PROBLEM TO SOLVE:
Restate exactly the lines of the entries below, beginning with the first and ending with the line that holds "他觉得像苏凡这样的乡巴佬肯定没有见过如此大的别墅区二维码生成". Pictures are not copied.

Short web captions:
"""
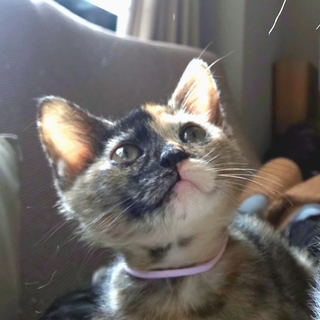 保健所レスキュー美人の"チャイちゃん"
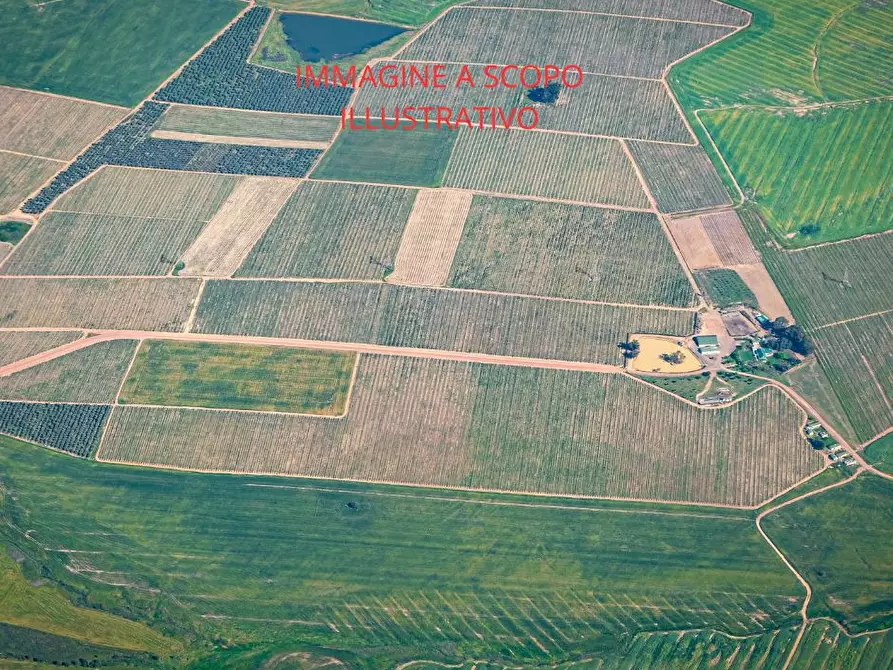 Immagine 3 di Terreno residenziale in vendita  in Via CAVANELLA D'ADIGE, 00 a Chioggia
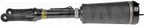 Dorman 949-954 Air Suspension Strut - Front Left or Front Right - view 6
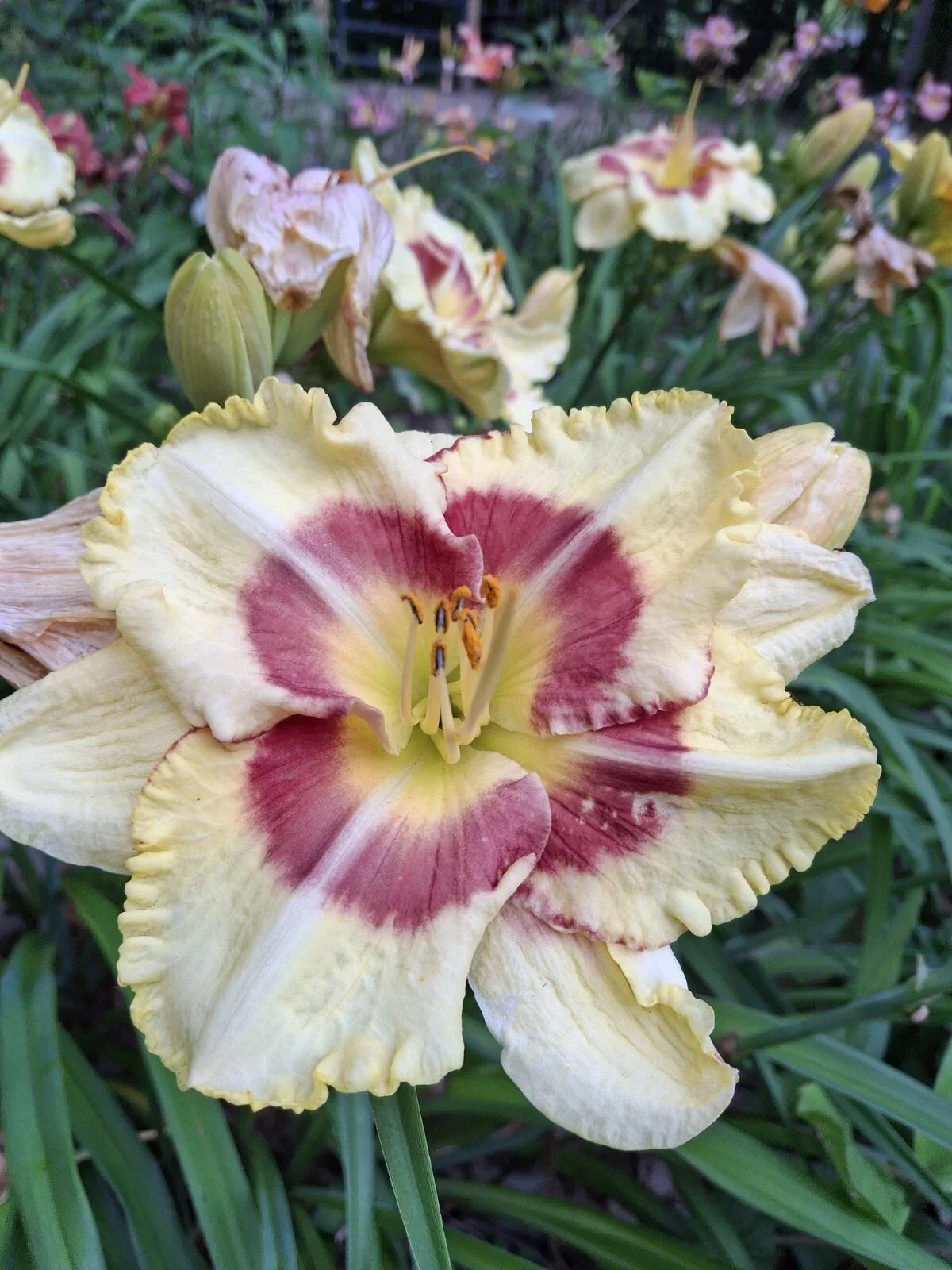 Daylily Live Starter Plant Bareroot Hemerocallis 'Monterrey Jack' Golden-Yellow Perennial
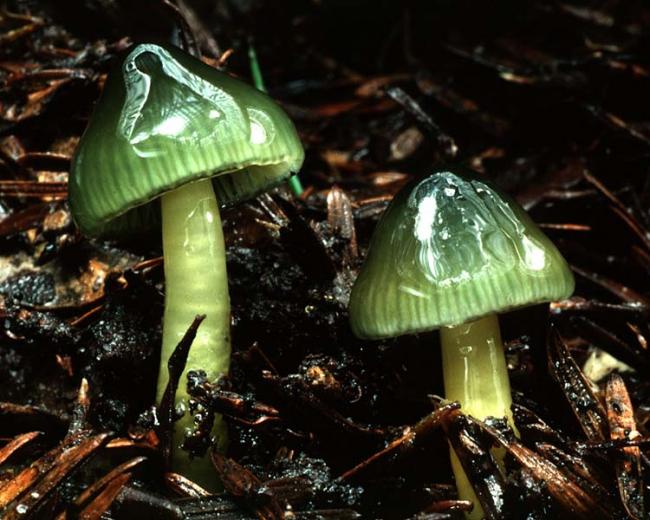 Gliophorus psittacinus фото и описание
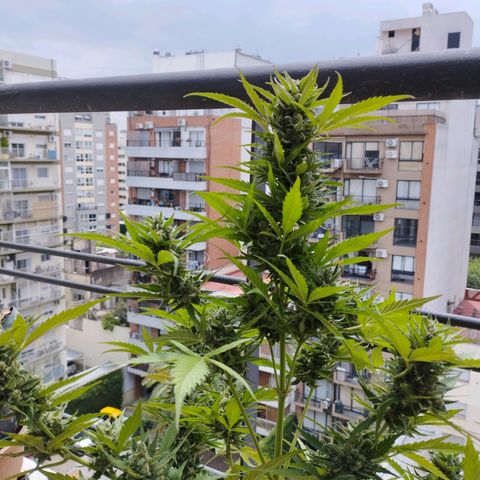 Skunks barcelonienses growlog photo: las peques del balcon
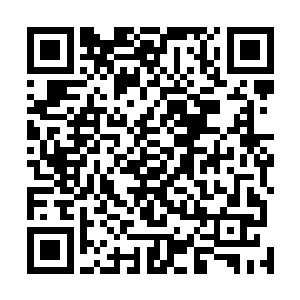 他觉得像苏凡这样的乡巴佬肯定没有见过如此大的别墅区二维码生成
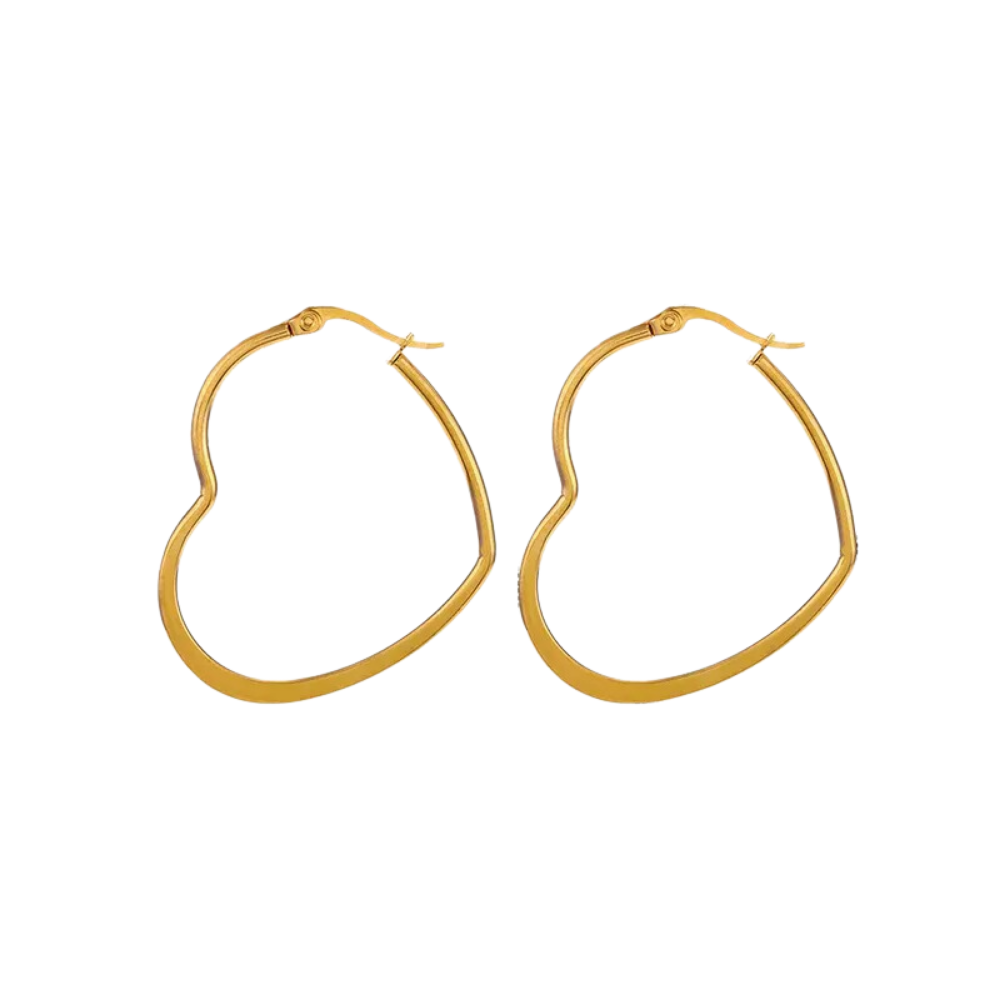 Variedad de Hoops en Acero Inoxidable, Trendy, Women - Vanytel 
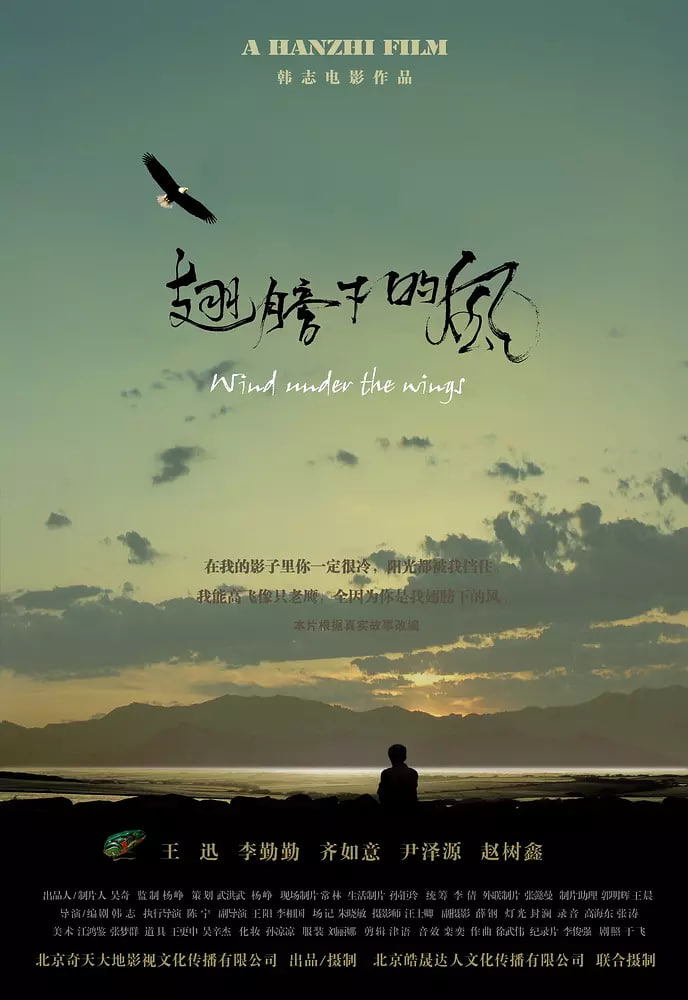 翅膀下的风封面图
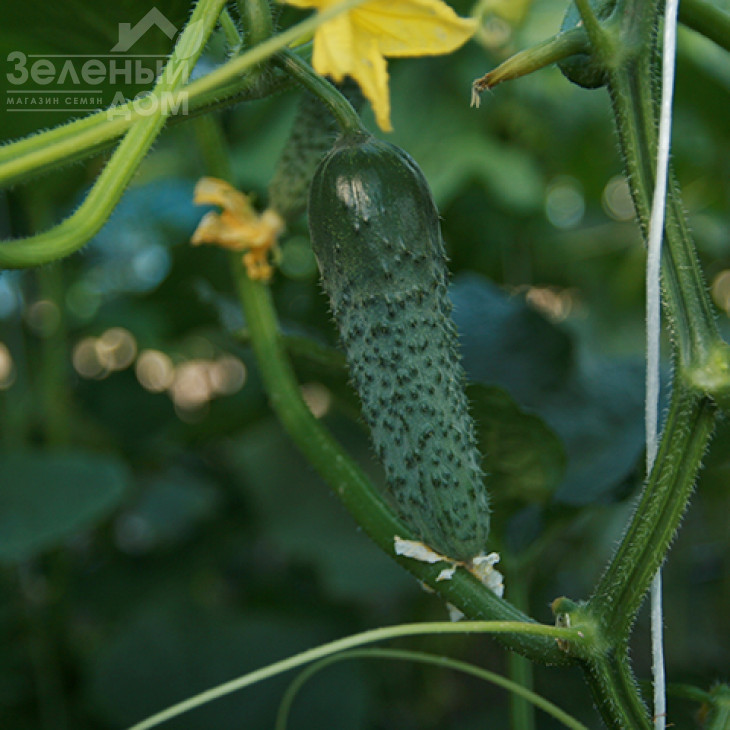 Ронел F1 / Ronell F1 фото 1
"""
SOLUTION FOR THIS EXERCISE:
 保健所レスキュー美人の"チャイちゃん"
 Immagine 3 di Terreno residenziale in vendita  in Via CAVANELLA D'ADIGE, 00 a Chioggia
 Dorman 949-954 Air Suspension Strut - Front Left or Front Right - view 6
 Daylily Live Starter Plant Bareroot Hemerocallis 'Monterrey Jack' Golden-Yellow Perennial
 Gliophorus psittacinus фото и описание
 Skunks barcelonienses growlog photo: las peques del balcon
 他觉得像苏凡这样的乡巴佬肯定没有见过如此大的别墅区二维码生成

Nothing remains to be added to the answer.